Sunday, June 26, 2016

Synchronicity Movie Review

Synchronicity (2015)
Rent Synchronicity on Amazon Video (paid link)
Written by: Jacob Gentry, Alex Orr (story)
Directed by: Jacob Gentry
Starring: Chad McKnight, Brianne Davis, AJ Bowen
Rated: R
Watch the trailer

Plot
Set in the future, physicist Jim Beale creates a time machine and must travel into the past.

Verdict
The wooden acting reinforces the underdeveloped script and ham-fisted dialog. The actual concept isn't complex, but the script is too cumbersome to follow. We're left with style and mood which can't carry a film.
Skip it.

Review
I like time travel movies. If it's time travel, I will watch it. This occasionally causes me to fall into the trap that is Synchronicity. I rue the day I saw the ad for this film.
It has a promising start despite the obvious lack of budget. The dialog is stilted, but it's earnest in creating a sci-fi film noir vibe. This movie, and the music, escaped from the eighties. I like the eighties, but as the movie progressed, the credit earned from the eighties vibe quickly dissipated.
Chad McKnight in Synchronicity
Synchronicity - Underdeveloped. This is a good rough, rough draft.
It's obtuse and not because of the science, but but because of bad writing. The incredibly flat acting heightens the bad writing. You have to wonder if McKnight is reading cue cards. His love interest is a horridly underdeveloped character. This has the typical time travel trope where what we saw happen in the beginning is influenced by time traveler Jim. The twist is this isn't time travel, it's dimension hopping. Jim traveled to an parallel world.

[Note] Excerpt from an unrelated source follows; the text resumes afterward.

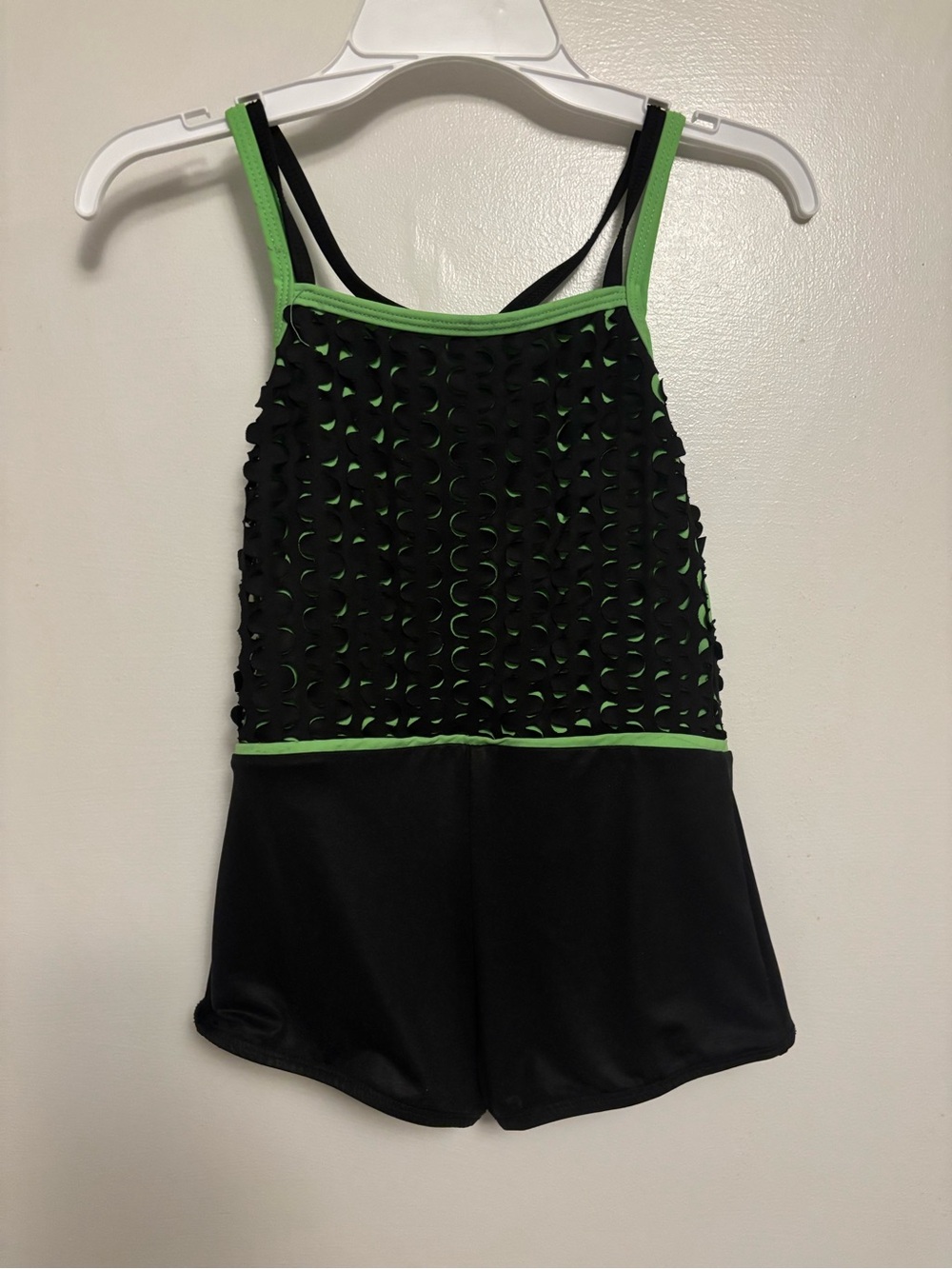 Kids Black and Green One-Piece Bodysuit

Jim thought he was guiding a single timeline, but he was wreaking havoc across multiple worlds, each with their own Jim Beale. Each is almost indistinguishable from the initial world we see. These worlds can only support one Jim, otherwise the plot would have no tension or point. When two Jims are in the same proximity, one of them experiences vomiting, headaches, and eventually blacks out. In the end Jim lucks out and hops to a world where his double has already died so he gets to live. Apparently his double is called John Bain, but I don't know why.
I don't know how or why this movie was made. It instills hope in wishful filmmakers that you're project too could actually be made no matter how bad. And that's a compliment.